Las desventajas del acuerdo Oculus-Samsung

Tengo que admitir que no he sido un comprador convencido del GearVR. Lo he adquirido para conocer de primera mano el producto más que por que haya visto en él un acierto, y porque quiero empezar a aprender cómo usar este tipo de productos en aplicaciones de RV. Pero mi opinión es que Oculus se ha equivocado con el acuerdo que ha suscrito con Samsung al crear este producto. El resultado ha sido un producto que requiere de la necesidad de comprar un teléfono móvil concreto, y de tener que usar ese teléfono conectado al GearVR. Un modo de funcionamiento muy mejorable si el GearVR fuera completamente autónomo y llevara dentro todos los componentes necesarios, sin requerir de tener que conectar ningún móvil.

El GearVR de Samsung y Oculus con el Samsung Galaxy Note 4 acoplado

El GearVR de Samsung y Oculus con el Samsung Galaxy Note 4 acoplado

Creo que Oculus tendría que haber ayudado a Samsung a crear este producto pero con una implicación menor. Que fuera un producto de Samsung, pero con Oculus simplemente colaborando.
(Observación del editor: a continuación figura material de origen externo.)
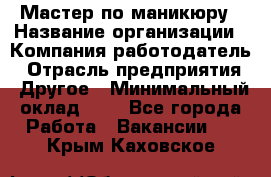 Мастер по маникюру › Название организации ­ Компания-работодатель › Отрасль предприятия ­ Другое › Минимальный оклад ­ 1 - Все города Работа » Вакансии   . Крым,Каховское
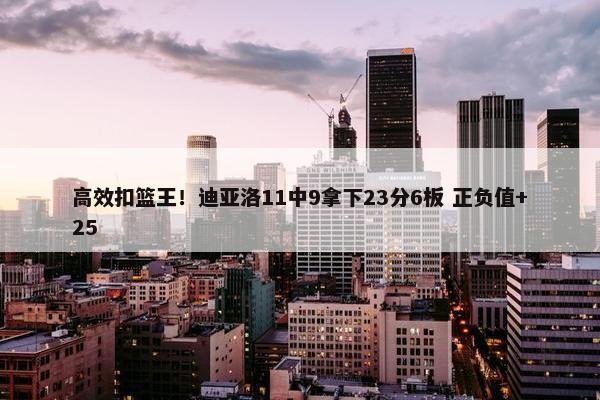 高效扣篮王！迪亚洛11中9拿下23分6板 正负值+25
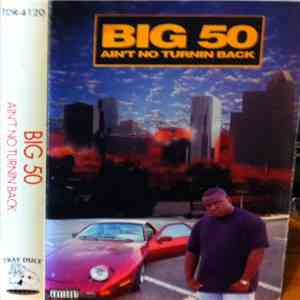 Big 50 - Ain't No Turnin Back flac album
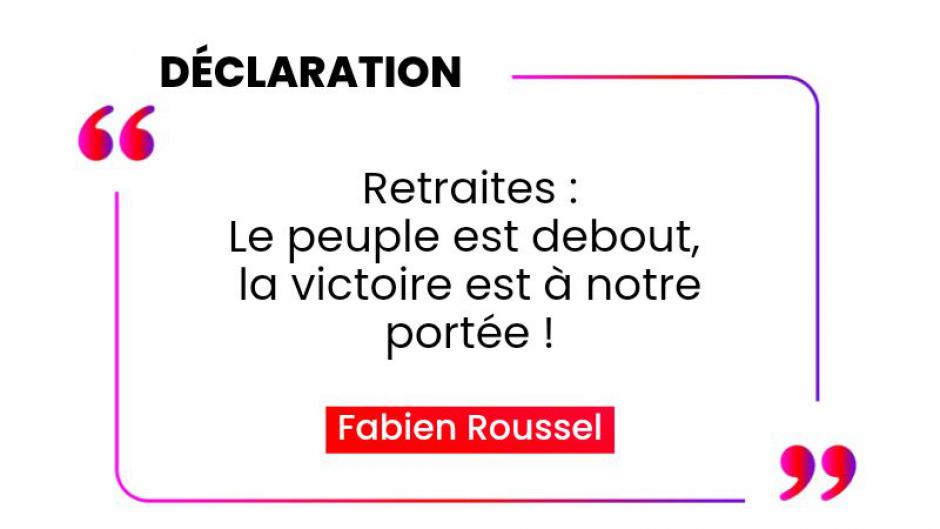 Fabien Roussel : « Retraites : le peuple est debout, la victoire est à notre portée ! » - 23 mars 2023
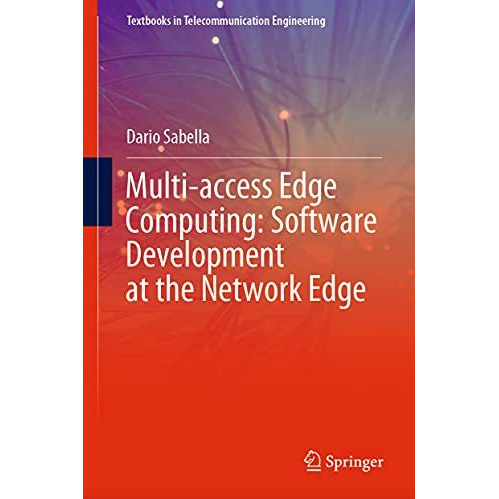 Multi-access Edge Computing: Software Development at the Network Edge [Hardcover]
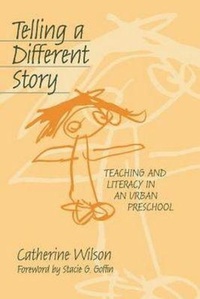 Enlarge image Cover: Telling a Different Story - Teachers' College Press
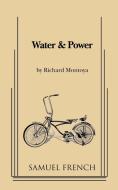 Water & Power di Richard Montoya edito da Samuel French, Inc.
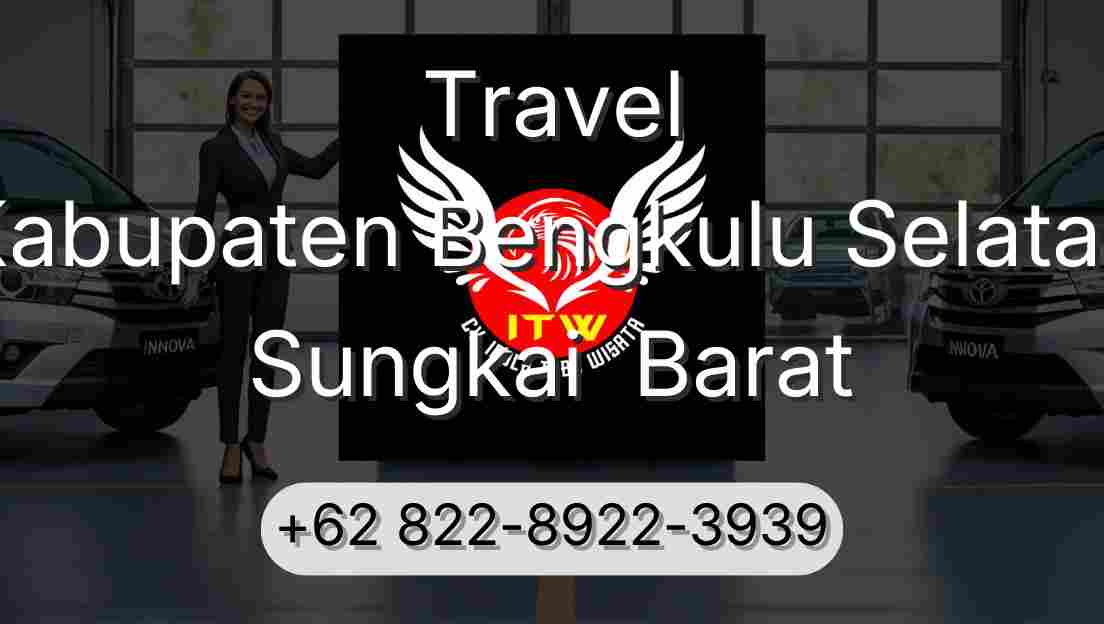 Travel Kabupaten Bengkulu Selatan Sungkai  Barat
Oculus tendría que haber puesto las cosas claras a Samsung y decirles: “Yo lo que quiero es crear unas gafas de Realidad Virtual autónomas, que no tengan la necesidad de un móvil. Y van a ser una gafas marca Oculus exclusivamente, del mismo modo que el DK2 lleva dentro la pantalla del Note3 de Samsung, y no por eso va ninguna pegatina Powered by Samsung”.

Dicho de una forma sencilla, cada zapatero se tendría que haber dedicado a sus zapatos. El acuerdo al que han llegado Oculus y Samsung, del que lógicamente no conocemos los detalles, en mi opinión, es un error. Y si perdura mucho tiempo en el futuro, creo que podría comprometer lo que pueda ofrecer Oculus dentro de la Realidad Virtual móvil.

Recientemente se ha sabido que Panasonic está trabajando en una gafas de Realidad Virtual autónomas. Y Microsoft ha anunciado su proyecto Hololens de Realidad Aumentada que tiene mucho potencial para convertirse en Realidad Virtual en un futuro, y está basado en unas gafas autónomas. Ninguno de estos dos productos requieren de un móvil conectado al aparato. Y yo creo que el futuro está ahí y que es una pena que no sea ya el presente de Oculus, porque lo podría ser. No hay limitación técnica alguna para ello.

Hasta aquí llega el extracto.